We’ve all been in an interview where we’ve been asked a question we simply don’t know the answer to. It is a fact of life that interviewers will create all sorts of topics and ideas to quiz you on and that, one day, they’ll find something you just can’t answer.

Don’t despair though. Remember: you wouldn’t be at the interview if they weren’t interested in you in the first place and, particularly for partner-level positions, a small gap in your knowledge shouldn’t be a deciding factor.

You do, however, need to think carefully about how you respond. Trying to hide the fact that you don’t know could be even worse for you than the fact that you don’t know in the first place. Consider the following approaches, if you find yourself stumped.

 

Full disclosure: I don’t know and this is why I don’t know

Honesty really is the best policy in these situations. If you really don’t know anything about the sort of thing you’re being asked, then it is best to accept that that is the case. There is more you can discuss during your answer, as per the below suggestions, rather than just saying ‘I don’t know’.

Consider first of all explaining why you don’t have any knowledge of the topic, if there’s a tangible reason behind it. If you’ve been asked about corporate law, for example, when your C.V. clearly states that you have worked on family law all of your life, then it is worth drawing the interviewers attention to this.

Rather than ‘I don’t know’, perhaps introduce the fact that it has been a while since you worked on that side of things (‘I think the last time I worked on corporate was back in law school, I’ve been so focused on family since then’) or explain why you were never involved in them (‘we were just so busy in the family department…’). Both of these things may well turn a potential negative into a positive.

 

Discuss how you’d obtain the knowledge you’re lacking

Another way of further developing a narrative around something you can’t answer is to talk about how you would normally solve the question or problem being posed if you came about it in your day-to-day work.
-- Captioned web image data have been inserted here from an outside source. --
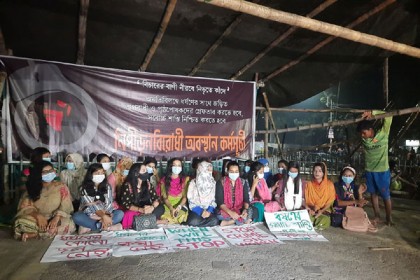 ধর্ষকের গ্রেফতারের দাবিতে অনশনে ঢাবির সেই শিক্ষার্থী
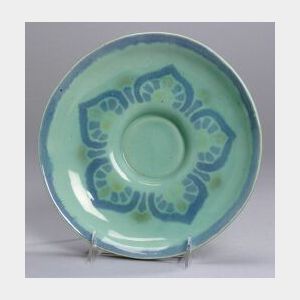 Newcomb High Gloss Arts & Crafts Pottery Dish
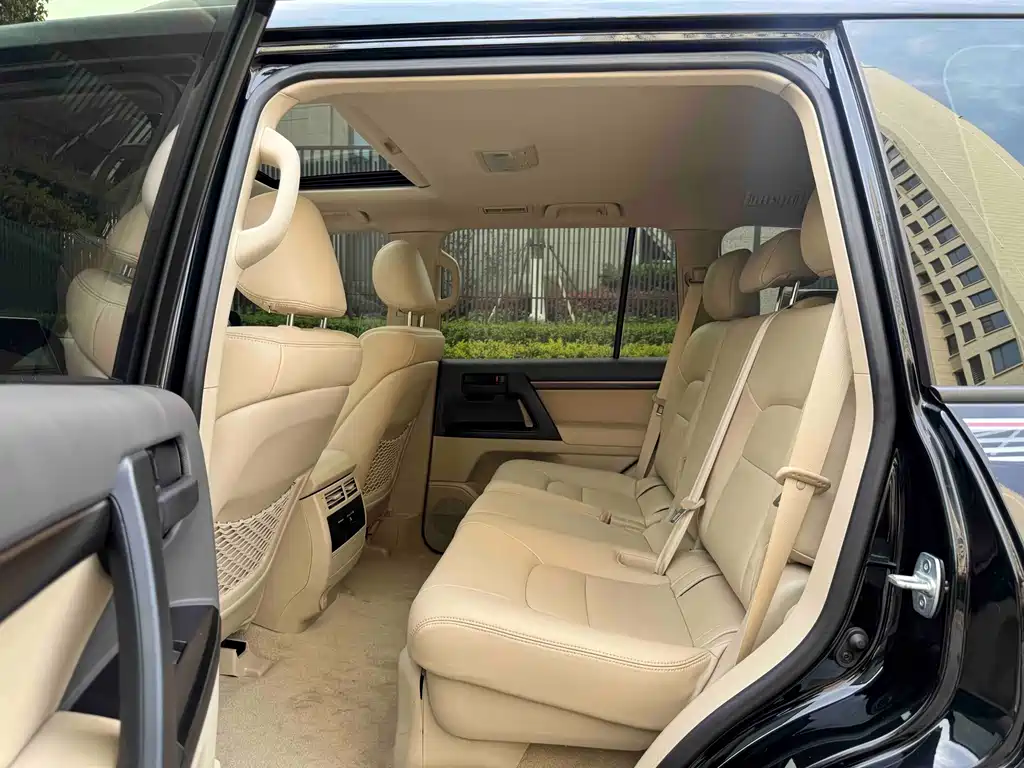Toyota Land Cruiser 2019 — фото 10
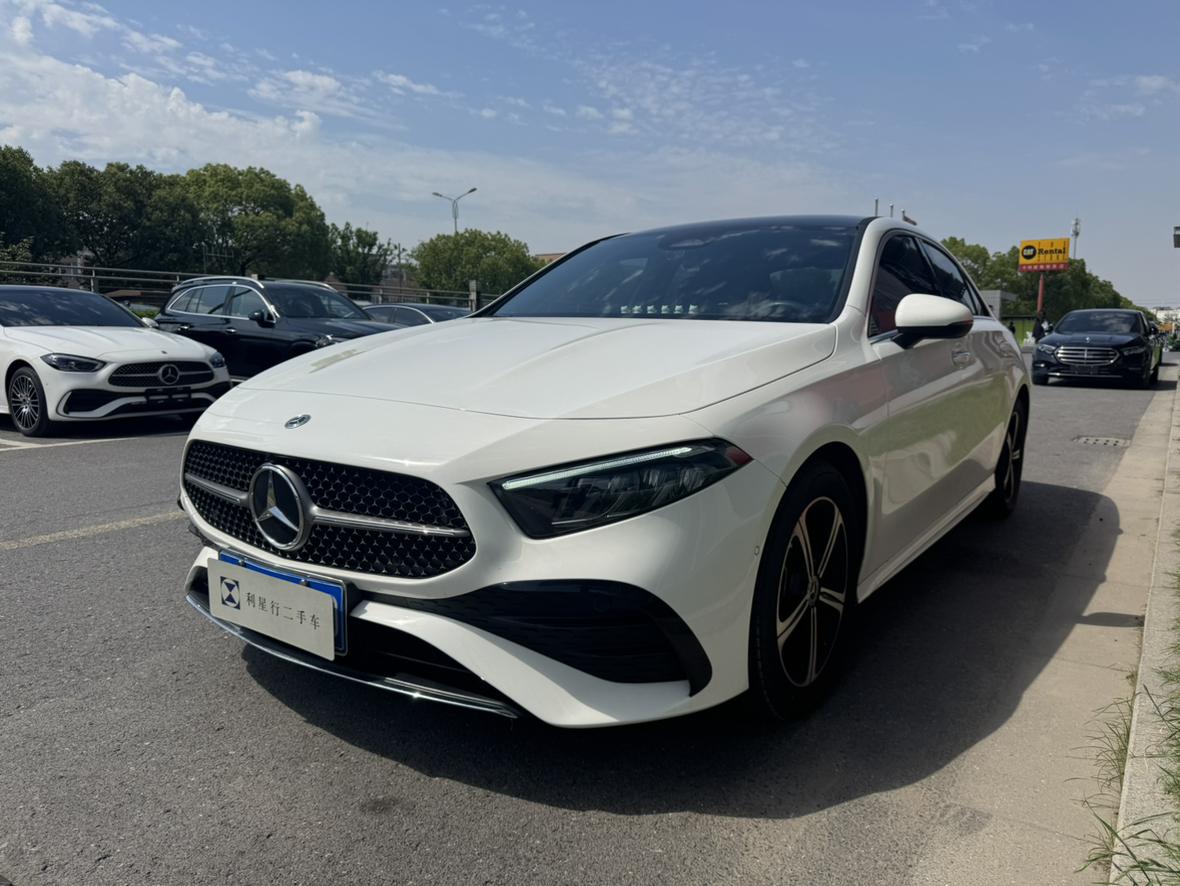 Mercedes Benz Class-A A200L 2024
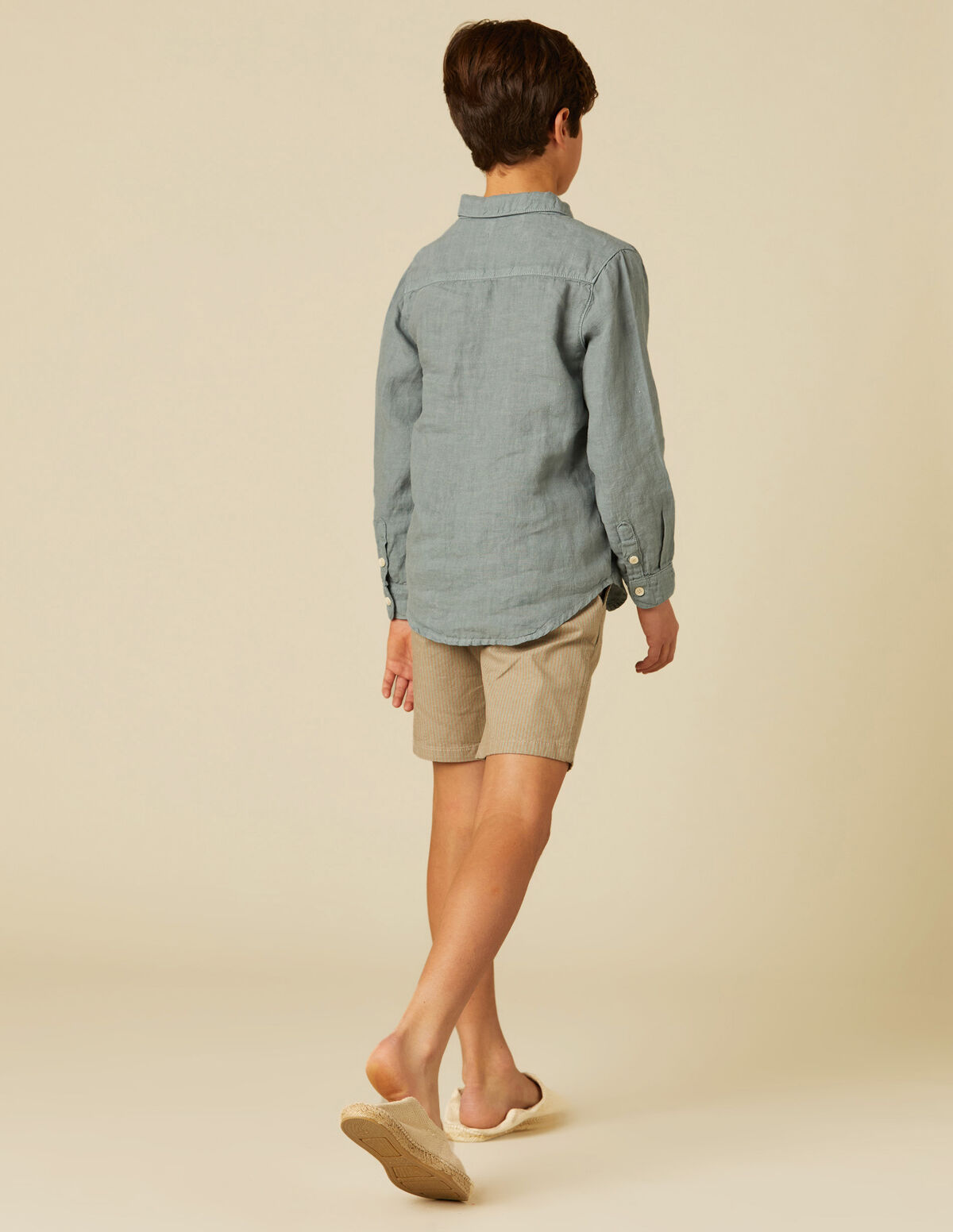 PANTALÓN CORTO WALNUT RAYA GRIS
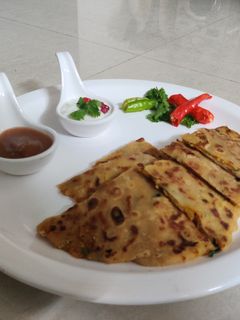 પંજાબી કોબી આલુ પરોઠા (Punjabi Aloo Paratha Recipe In Gujarati) રેસીપી મુખ્ય ફોટો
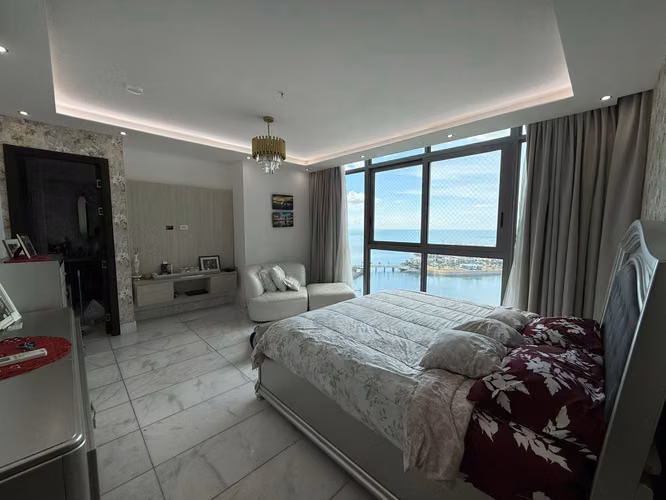 Alquiler en Sea Point: 305m² Frente al Mar, Equipado y Amoblado
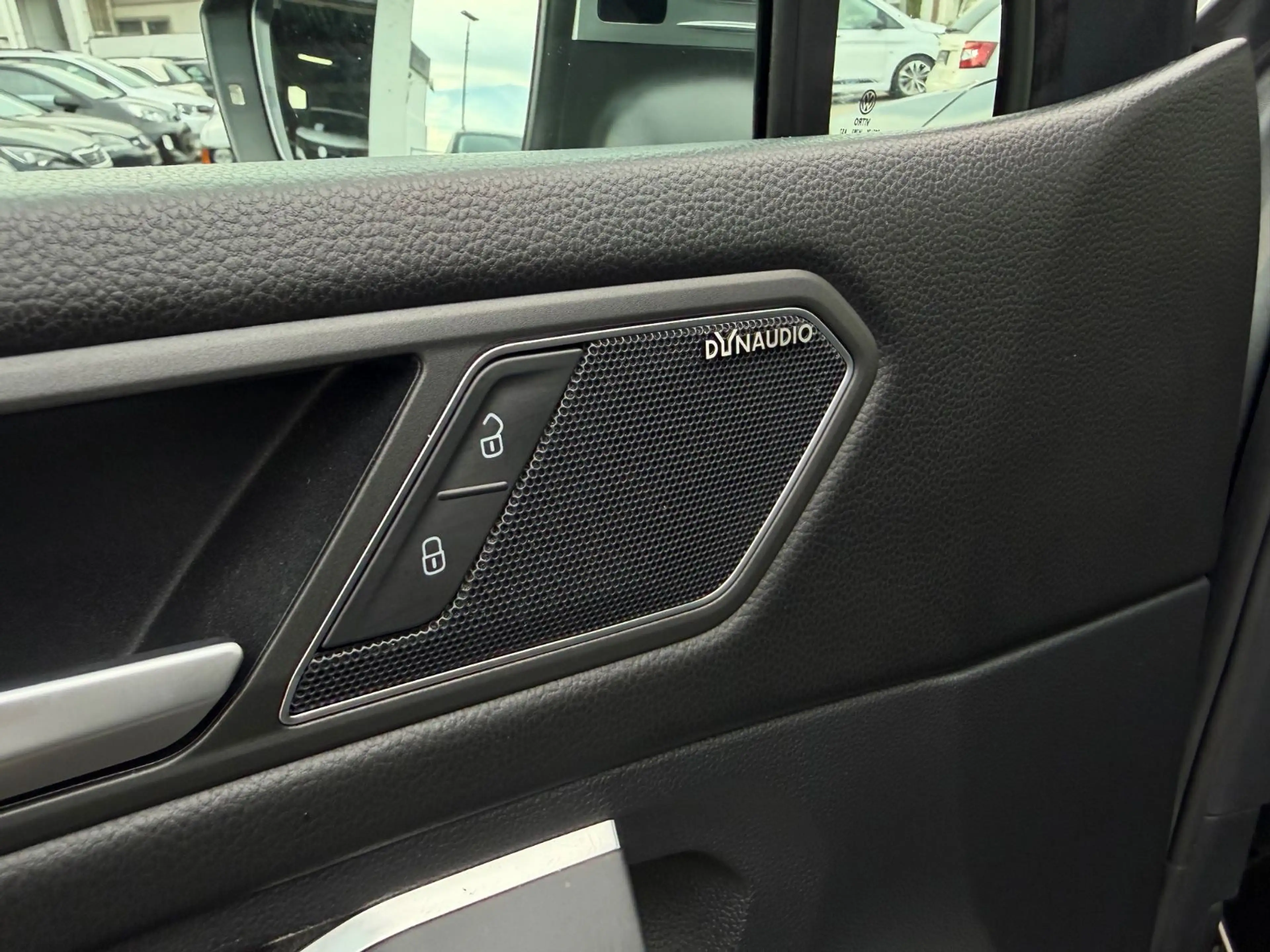 Volkswagen Tiguan Allspace Tiguan 2.0 TDI Allspace R-Line 4Motion*7-Sitzer* — photo 14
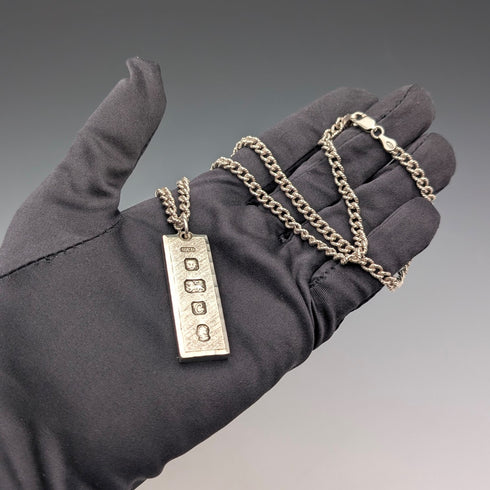 1977年 英国 純銀製 ジュビリーインゴットペンダント計51g 純銀ツイストチェーンネックレス付 J&D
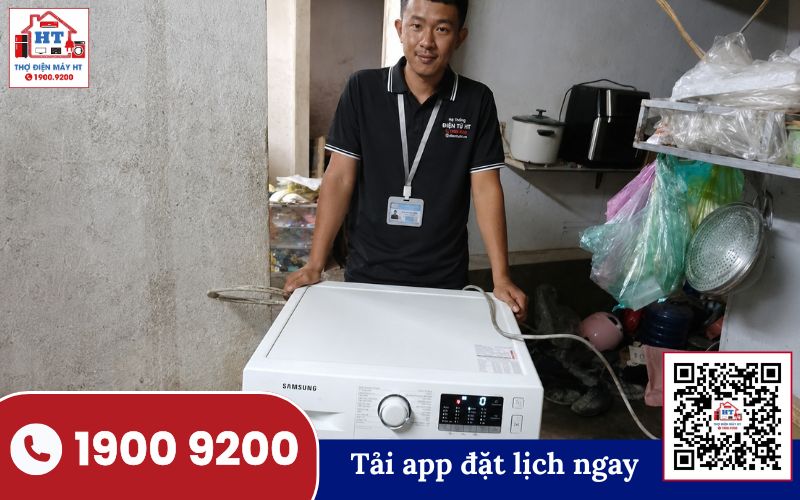 Vệ sinh lồng máy giặt cửa trên bằng tay Người dùng đang vệ sinh lồng máy giặt cửa trên bằng tay, dùng bàn chải chà sạch các vết bẩn bám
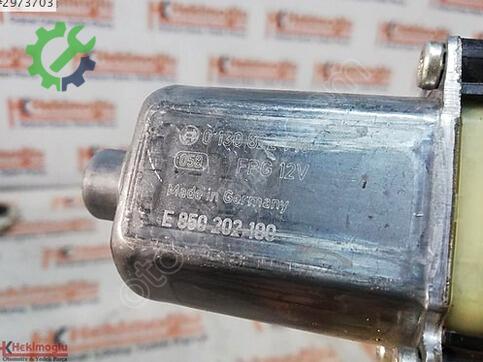 Seat Leon 5Q0959801B çıkma parça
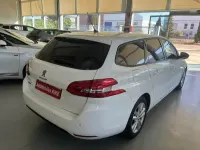 Usado Peugeot 308 SW Active 130 CV (95 kW) 2018 Blanco Familiar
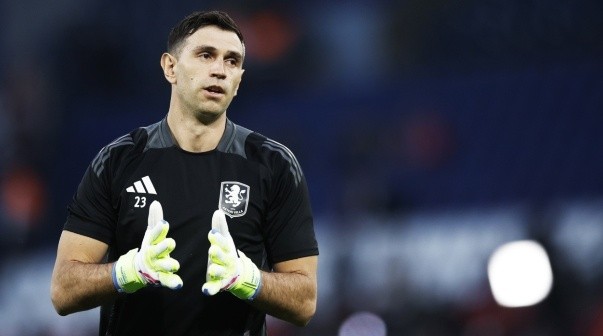 Se confirmó el motivo por el que el Aston Villa quiere vender al Dibu Martínez
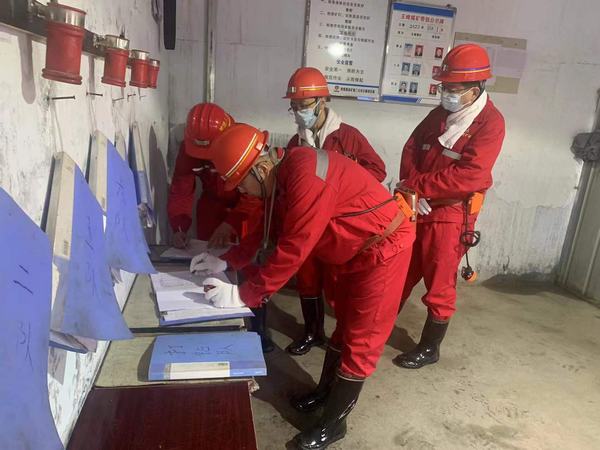 emc网页版登录建设矿建二公司发扬“龙”“抬”“头”式好作风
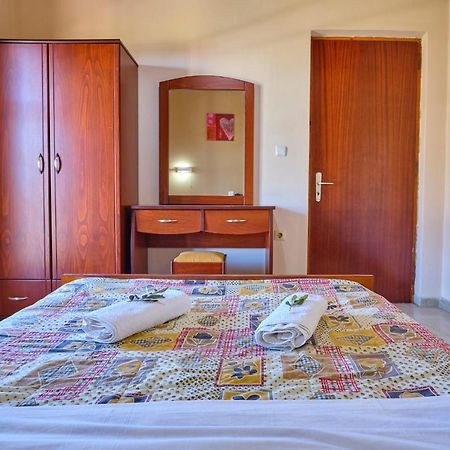 איוס סטפנוס Theodora Apartments Agios Stefanos Corfu מראה חיצוני תמונה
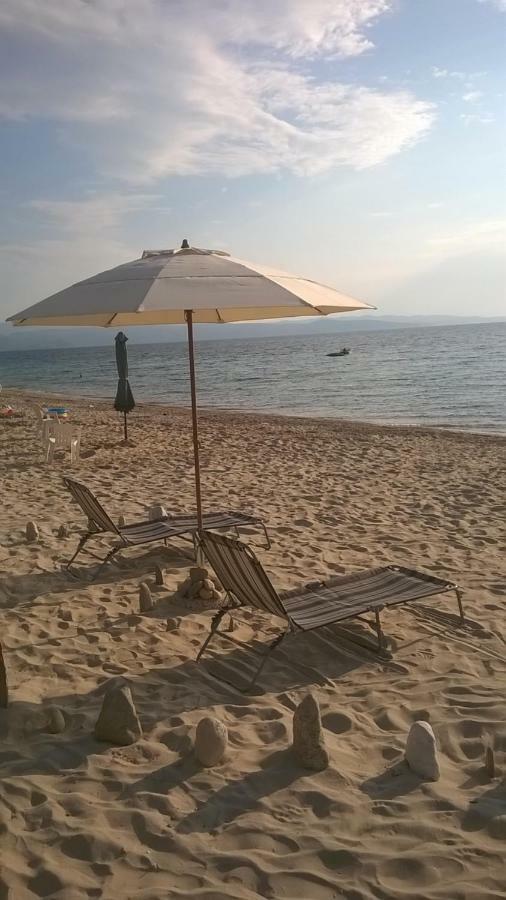 Sangue Blu Beachfront Villa Apartment อาโยส นิโกลาออส ภายนอก รูปภาพ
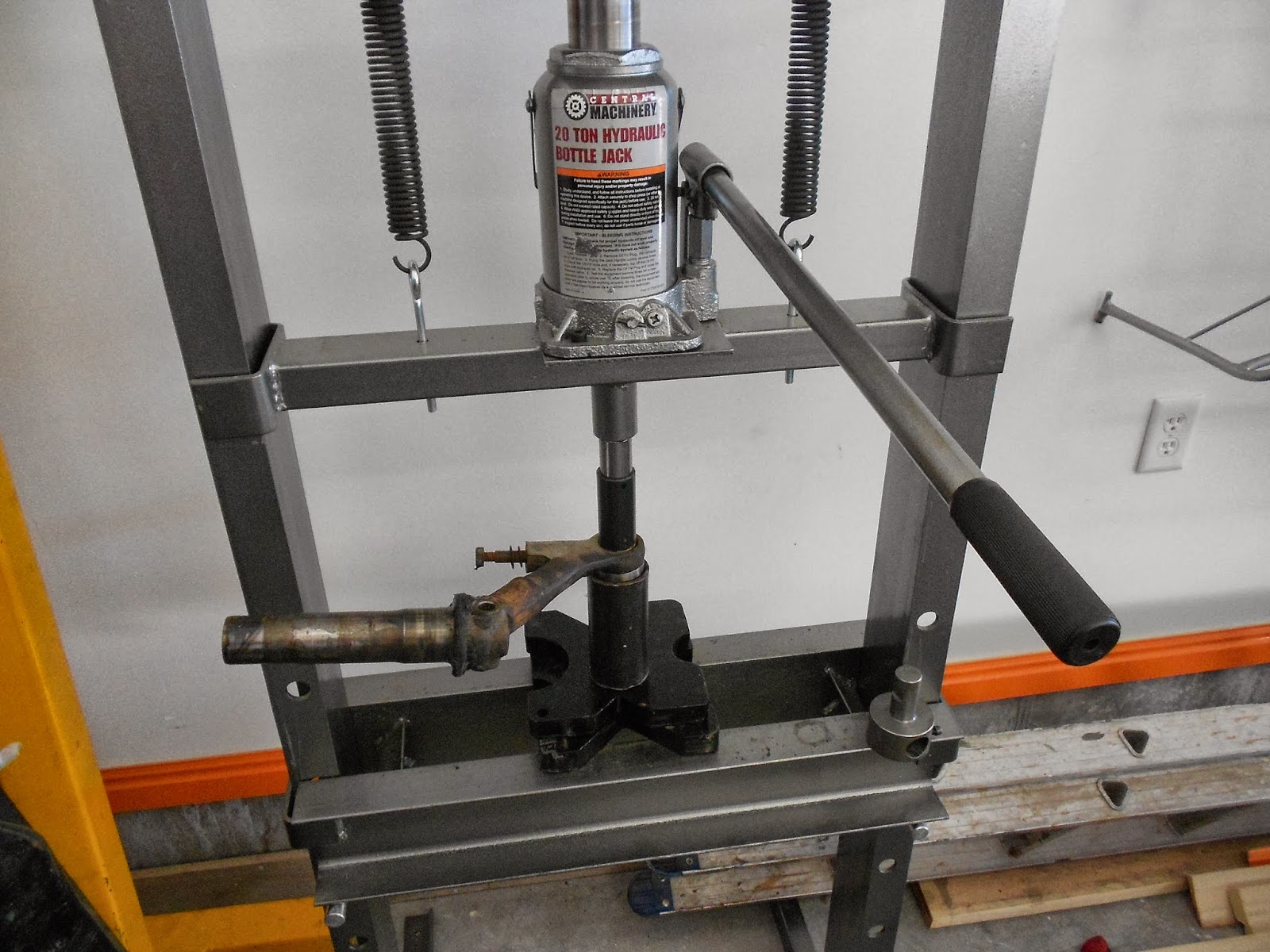 The Bug Boys Installing ball joints and raised spindles in the bug.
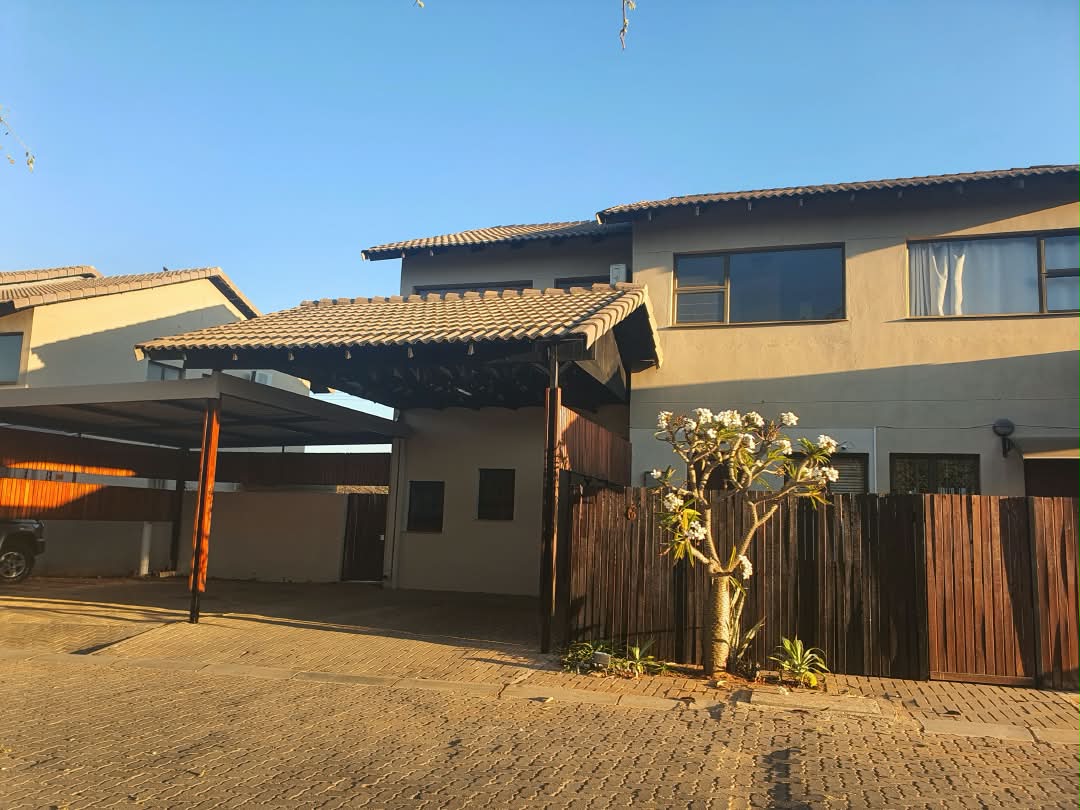 Double Storey KgaleView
Suggesting that you’d ‘get someone else to handle it’ perhaps isn’t the way to go, but discussing the idea that you would ‘get the team involved, so I could gather the opinion of those with more experience’ can show a great deal of positivity towards overcoming challenges.

If it is something you’re aware is a weak point then perhaps you have an option to bring up the fact that you will be addressing your knowledge gap through further training.

 

Work out what they’re really looking for and give it to them

Though you might not know the answer to the question in a literal sense, some questions are designed by interviewers to assess your knowledge of a general area of interest, or to assess character traits. Looking beyond the question here is key.

Try to assess what the interviewer is really interested in, given the question they have just asked. You might not be able to answer the specifics of it, but are they really asking about an overall topic? Try to reframe the question back to the topic if this is the case. If they’re referencing a case you have limited knowledge of, perhaps you know of one that is similar and will ultimately provide evidence of the same knowledge.

 

‘Can I come back to you on that?’

This is perhaps a final resort, but there is nothing worse than leaving the question on a ‘I don’t know’. If you have to, admit that you don’t know but ask if you can do some research around the topic or question and come back to the interviewer with your answer.

This not only gives you the option of understanding the question to a fuller extent but also allows you to provide a written response in far greater detail than you might have been able to in an interview situation.

Again, it’s not ideal, but it is a good way to show that you’re dedicated and willing to progress your knowledge.